Make list lookup faster?

Question

I have a file that every line is containing names of persons and a file containing text of speeches. The file with the names is very big(250k lines) ordered alphabetically, the speeches file has around 1k lines. What I want to do is a lookup for the names in my text file and do replacements for every occurring name from my names file. This is my code EDIT: The with function that opens the list is executed only one time.

members_list = []
with open(path, 'r') as l:
    for line in l.readlines():
        members_list.append(line.strip('\n'))

for member in self.members_list:
    if member in self.body:
        self.body = self.body.replace(member, '<member>' + member + '</member>')

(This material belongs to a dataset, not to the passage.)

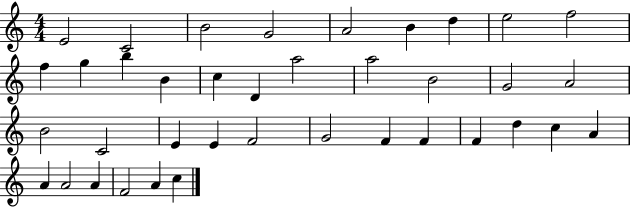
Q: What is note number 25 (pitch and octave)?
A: F4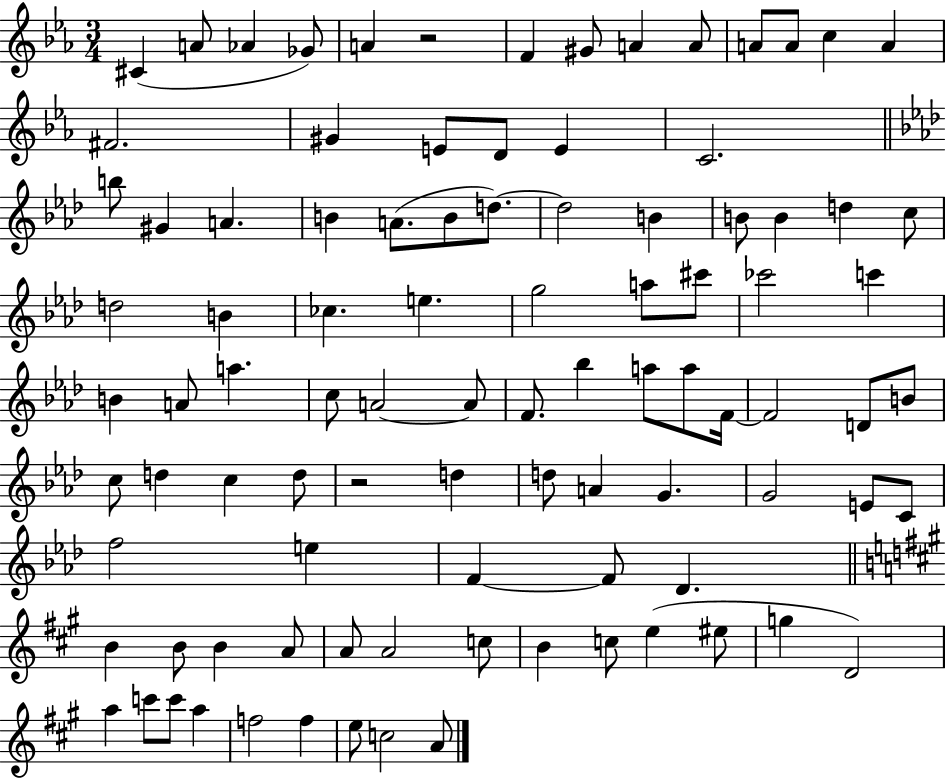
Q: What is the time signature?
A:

This code takes about 2.2 seconds to run, but because I have many speech files (4.5k) the total time is around 3 hours. Is it possible to make this faster? Are generators the way to go?

Answer 1

Currently, you re-read each speech in memory once for each of the 250,000 names when you check "if member in self.body".

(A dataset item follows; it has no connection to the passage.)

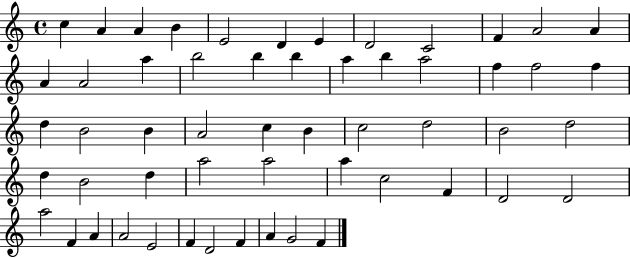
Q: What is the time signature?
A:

You need to parse the speech body once, finding whole words, spaces, and punctuation. Then you need to see if you have found a name, using a linear time lookup of the known member names, or at worst log time.

The problem is you have to find member names which have various word lengths. So here is a quick (and not very good) implementation I wrote up to handle checking the last three words.

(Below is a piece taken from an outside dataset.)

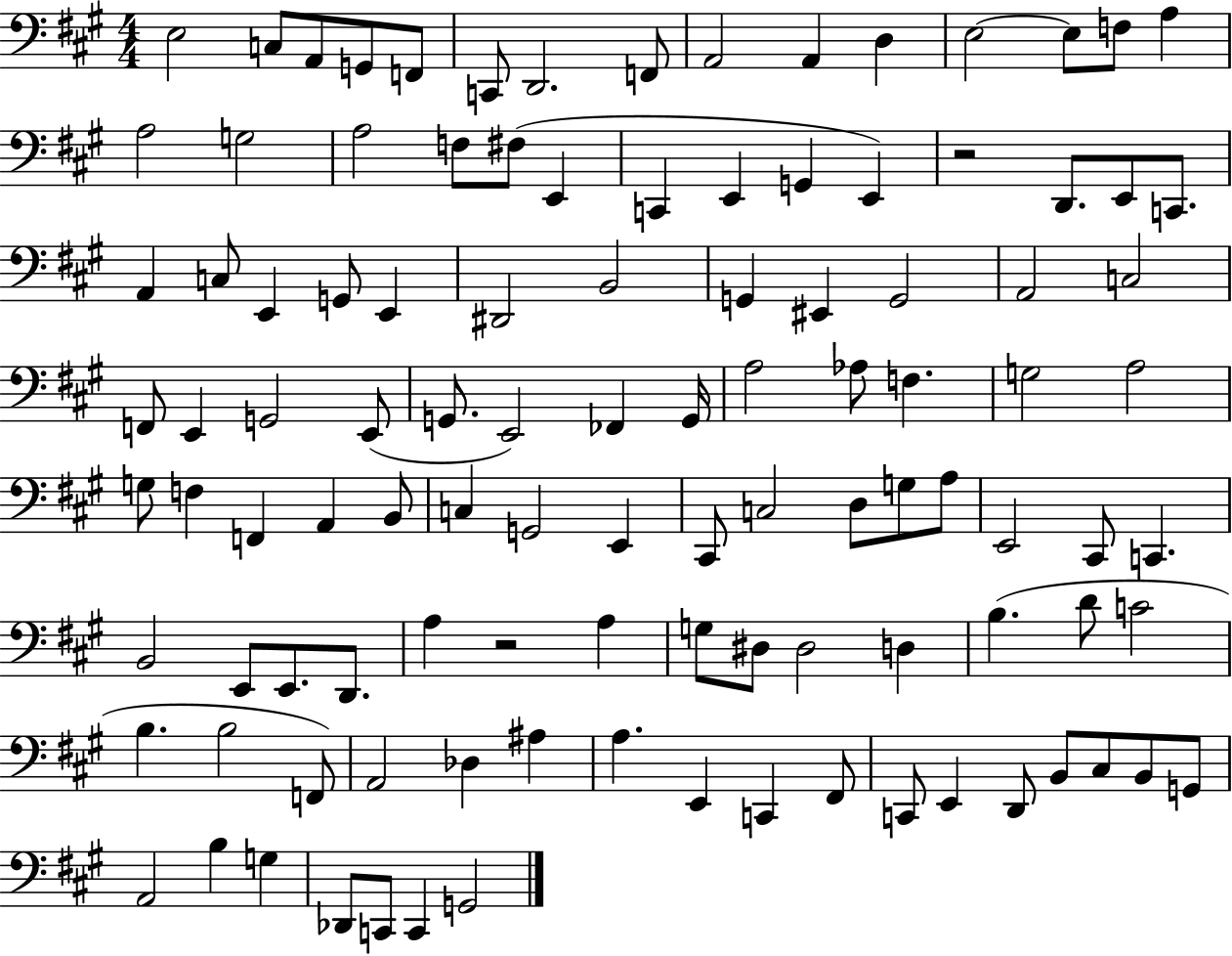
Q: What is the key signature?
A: A major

# This is where you load members from a file. 
# set gives us linear time lookup
members = set()
for line in ['First Person', 'Pele', 'Some Famous Writer']:
    members.add(line)

# sample text
text = 'When Some Famous Writer was talking to First Person about Pele blah blah blah blah'
from collections import deque

# pretend we are actually parsing, but I'm just splitting. So lazy.
# This is why I'm not handling punctuation and spaces well, but not relevant to the current topic
wordlist = text.split()

# buffer the last three words
buffer = deque()

# TODO: loop while not done, but this sort of works to show the idea
for word in wordlist:
    name = None
    if len(buffer) and buffer[0] in members:
        name = buffer.popleft()

    if not name and len(buffer)>1:
        two_word_name = buffer[0] + ' ' + buffer[1]
        if two_word_name in members:
            name = two_word_name
            buffer.popleft()
            buffer.popleft()

    if not name and len(buffer)>2:
        three_word_name = buffer[0] + ' ' + buffer[1] + ' ' + buffer[2]
        if three_word_name in members:
            name = three_word_name
            buffer.popleft()
            buffer.popleft()
            buffer.popleft()

    if name:
        print ('<member>', name, '</member> ')

    if len(buffer) >2:
        print (buffer.popleft() + ' ')

    buffer.append(word)

# TODO handle the remaining words which are still in the buffer
print (buffer)

I am just trying to demonstrate the concept. This doesn't handle spaces or punctuation. This doesn't handle the end at all -- it needs to loop while not done. It creates a bunch of temporary strings as it parses. But it illustrates the basic concept of parsing once, and even though it is horribly slow at parsing through the speech text, it might beat searching the speech text 250,000 times.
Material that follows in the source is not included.